**DESCRIPTION OF THE TASK:** In the entries that follow, the line with "Thinking Critically about" opens the range and the line with "Breloque lettre Q - 9.5 mm en Argent 925 x1" closes it; repeat that range exactly, both lines included.

**INFORMATION:**
┌──

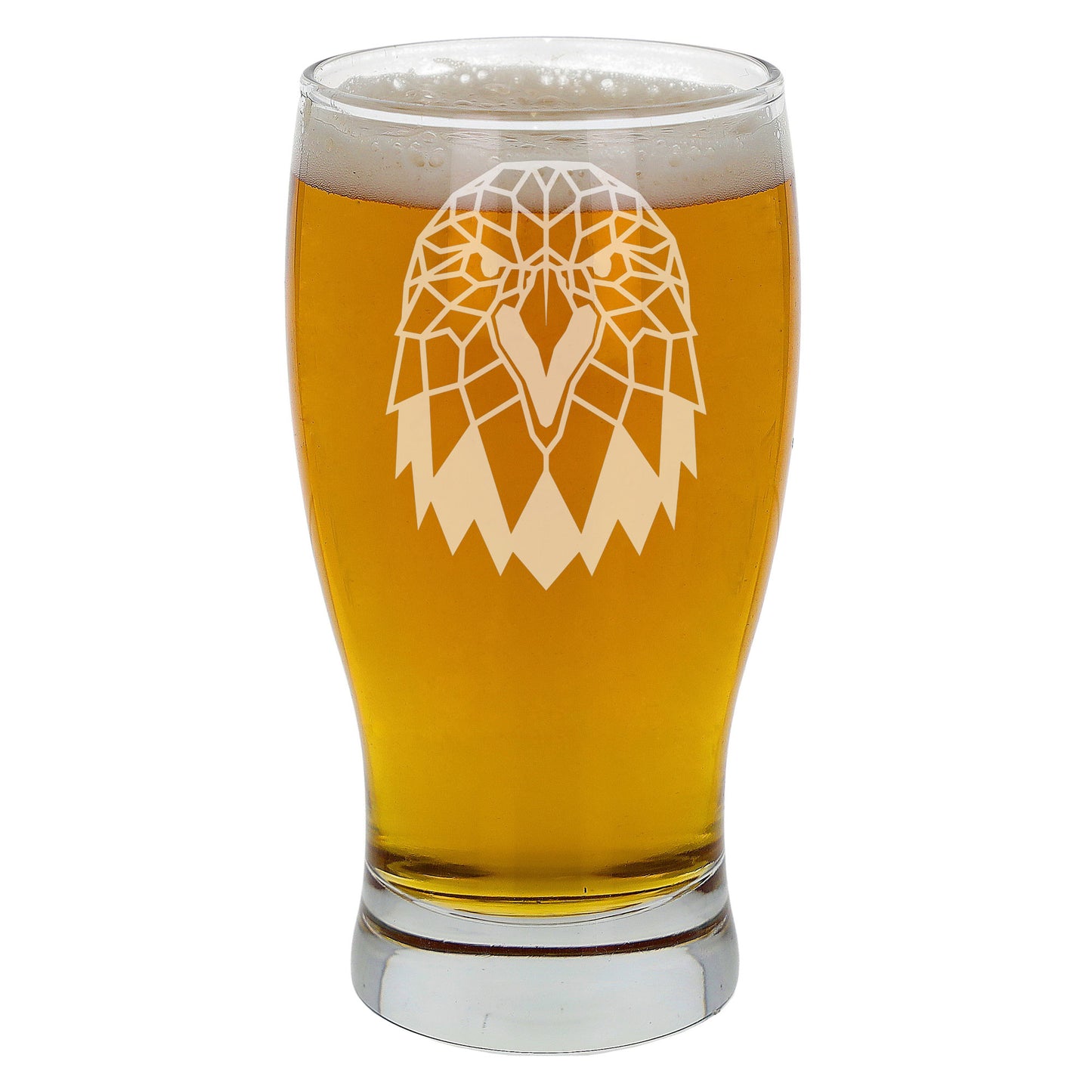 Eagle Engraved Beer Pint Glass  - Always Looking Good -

└──
┌──

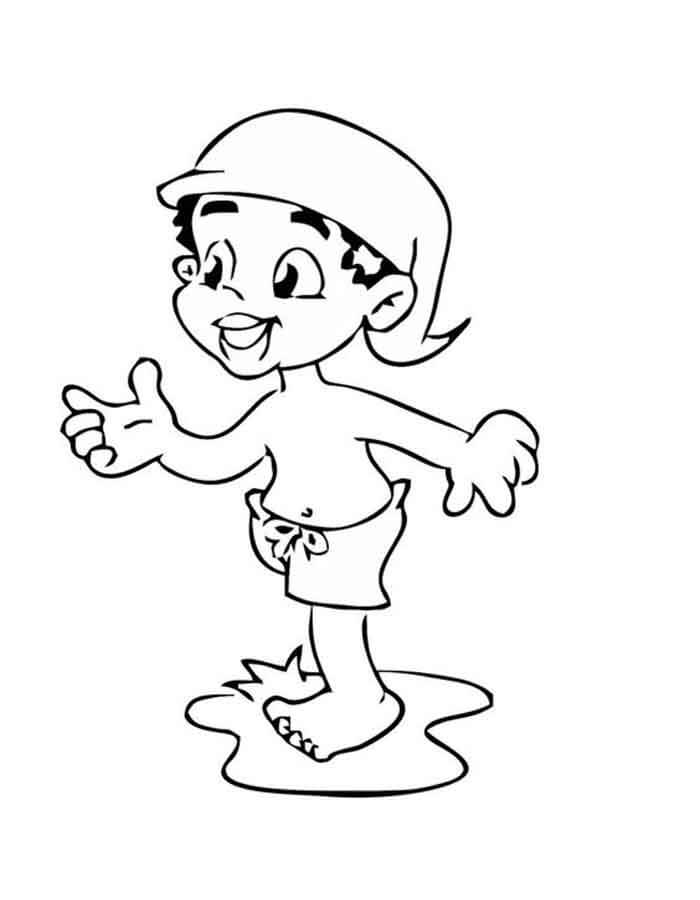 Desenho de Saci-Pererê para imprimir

└──
┌──

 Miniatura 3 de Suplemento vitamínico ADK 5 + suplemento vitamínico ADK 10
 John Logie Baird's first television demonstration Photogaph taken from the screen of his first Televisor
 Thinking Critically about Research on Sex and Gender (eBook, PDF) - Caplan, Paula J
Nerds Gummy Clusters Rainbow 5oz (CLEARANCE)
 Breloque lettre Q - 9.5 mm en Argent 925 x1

└──

**SOLUTION FOR THIS PROBLEM:**
 Thinking Critically about Research on Sex and Gender (eBook, PDF) - Caplan, Paula J
Nerds Gummy Clusters Rainbow 5oz (CLEARANCE)
 Breloque lettre Q - 9.5 mm en Argent 925 x1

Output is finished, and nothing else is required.